In FIG. 2, the leg portion 37 of the slider 35 is shown.
Is slidably in contact with the outer peripheral edge of the driven plate 12. A protrusion 36 is formed at the radially outer end of the driven plate 12 so as to project radially outward. The slider 35 is arranged so as to accommodate the protrusion 36 inside. Both side walls in the circumferential direction of the slider 35 are stopper portions 35a, and the stopper portions 35a are spaced from the projection 36 by a predetermined distance in the circumferential direction, for example, by angles θ1 and θ2 when the engine is stopped. The projection 36 partitions the liquid chamber in the slider 35 into a first sub-compartment 40 in the front in the rotational direction and a second sub-compartment 41 in the rear in the rotational direction, and both the sub-compartments 40, 41 between the inner surface with the slider 35. To form a sub-choke S1.

A main choke S2 is formed between the radially inner peripheral edge of the weir portion 30c and the outer peripheral edge of the driven plate 12 so as to connect the first and second large chambers 45 and 46 adjacent to each other. ing. The distance between the main choke S2 is the sub choke S1.
Is smaller than the interval. That is, the flow cross-sectional area of the sub-choke S1 is larger than the flow cross-sectional area of the main choke S2.

The driven plate 12 has a liquid supply passage 47 formed in its wall. Liquid supply passage 47
Is the slider 3 at the radially outer edge of the protrusion 36.
It is open to the 5 side. The liquid supply passage 47 extends radially inward from the opening, branches into two, and opens in the window hole 15, respectively. Next, the operation of the above embodiment will be described.

When a twisting torque is generated during operation, the first flywheel 1 is twisted with respect to the driven plate 12 in the rotation direction forward direction or the rotation direction backward direction. At this time,
In the range of small torsion angle, the coil spring 20 is biased and compressed, so that the flywheel exhibits small torsional rigidity. When the torsion angle becomes large, the coil spring 20 is totally compressed, so that the flywheel exhibits a large torsional rigidity.

The generation of hysteresis due to the movement of the liquid when the twisting torque is generated will be described in detail.

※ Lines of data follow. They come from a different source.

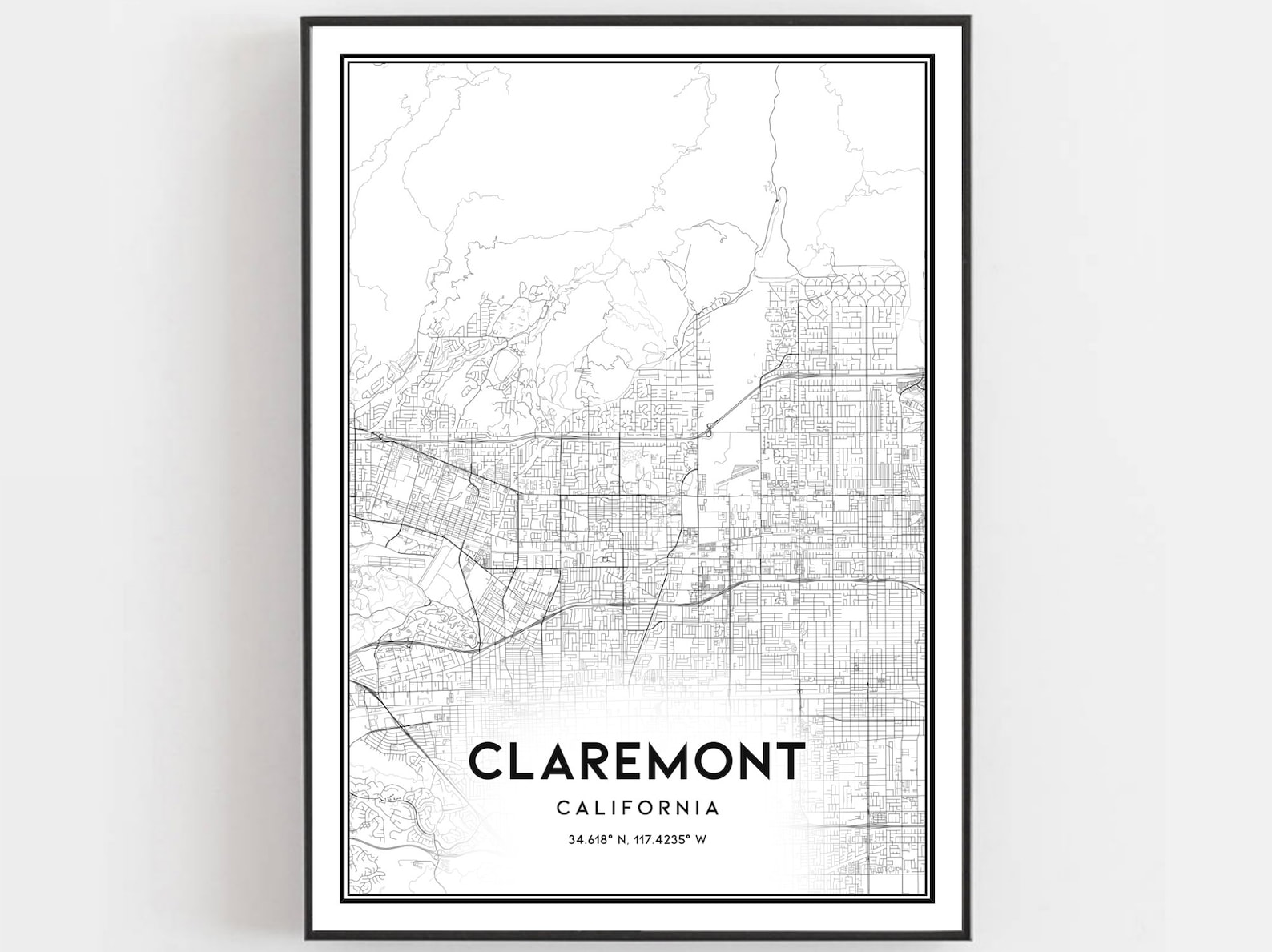Claremont Map Print Claremont Map Poster Wall Art Ca City Etsy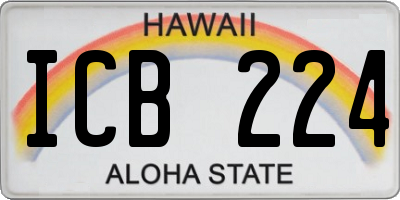 HI license plate ICB224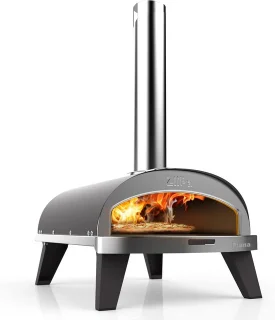 Pizza oven compact houtgestookt met draaiplateau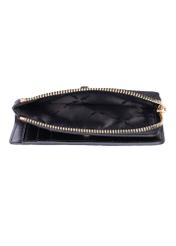 Black leather women's wallet PORES-1019-9I(Z26), product view inside on white background.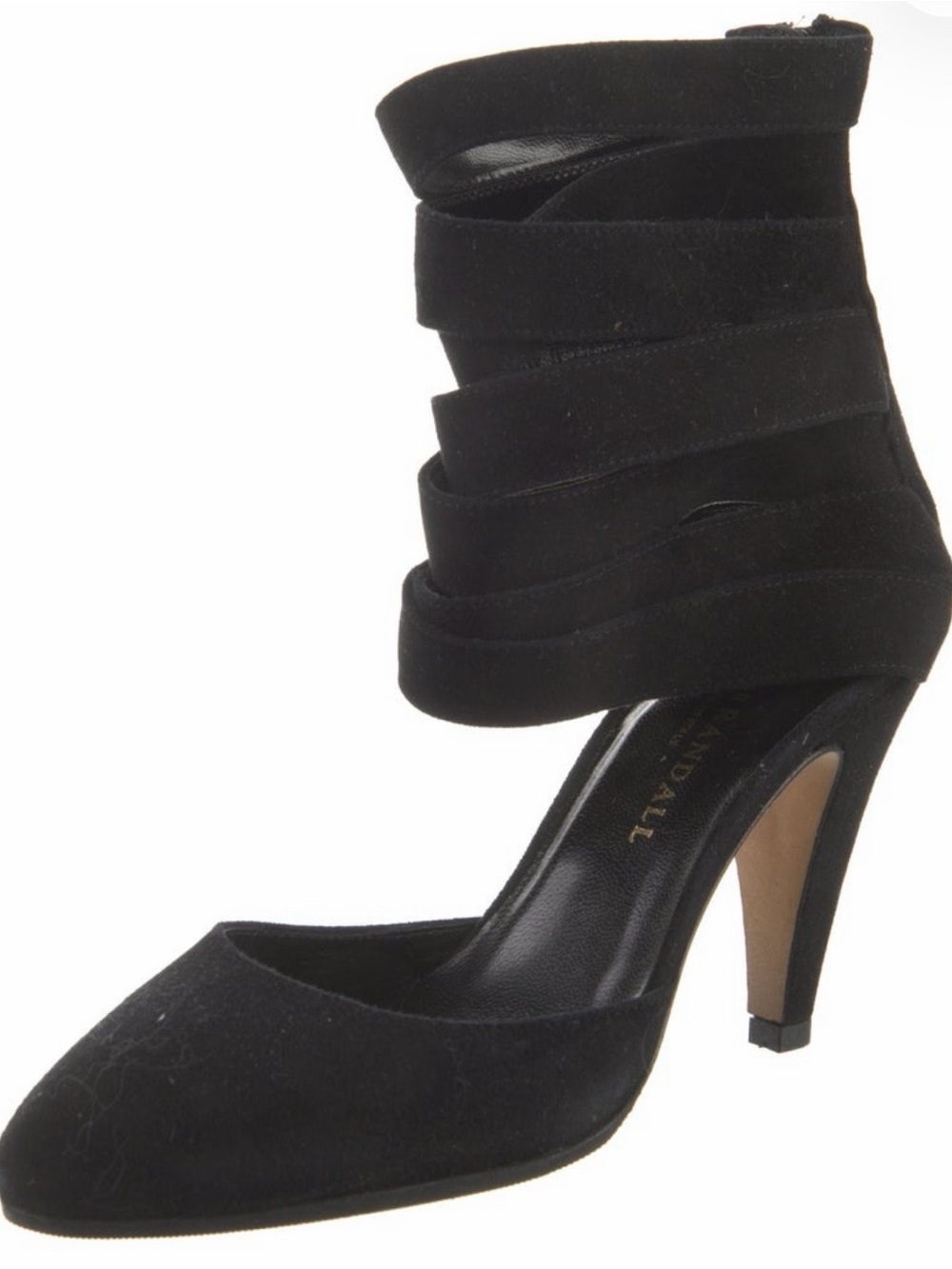 Vintage Loeffler Randall Black Suede caged Stiletto bootie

As shown in FIG. 2, the protrusion 36 is the stopper portion 3 of the slider 35.
It is assumed that the first flywheel 1 is twisted with respect to the driven plate 12 in the rotation direction R side in a state where the first flywheel is not in contact with the 5a. In this case, the housing 30
Similarly, the slider 35 also moves to the rotation direction R side. As a result, the second sub-compartment 41 is compressed and becomes smaller, and at the same time, the first sub-compartment 40 is expanded and enlarged.
As a result, the liquid mainly flows from the second small compartment 41 to the first small compartment 40 through the sub-choke S1. Here, the flow passage resistance is small because the cross-sectional area of the flow passage of the liquid flowing from the second small division chamber 41 to the first small division chamber 40 is large. Therefore, a small hysteresis torque is generated here.

When the twist angle increases and the stopper portion 35a on the rear side in the rotation direction comes into contact with the protrusion 36, the sub-choke S1 is closed by closing the slider opening 50, and the slider 35 protrudes. It is fixed by 36. Therefore, the first flywheel 1 and the housing 30 move forward in the rotational direction R with respect to the driven plate 12 and the slider 35.
As a result, the liquid in the second large chamber 46 flows through the main choke S2 to the first large chamber 45 rearward in the rotational direction, and also passes through the gap between the outer peripheral side surface of the slider 35 and the housing 30 and the like. It also flows to the first large branch chamber 45. Here, since the main choke S2 has a small cross-sectional area, a high fluid resistance is generated and a large hysteresis torque is generated.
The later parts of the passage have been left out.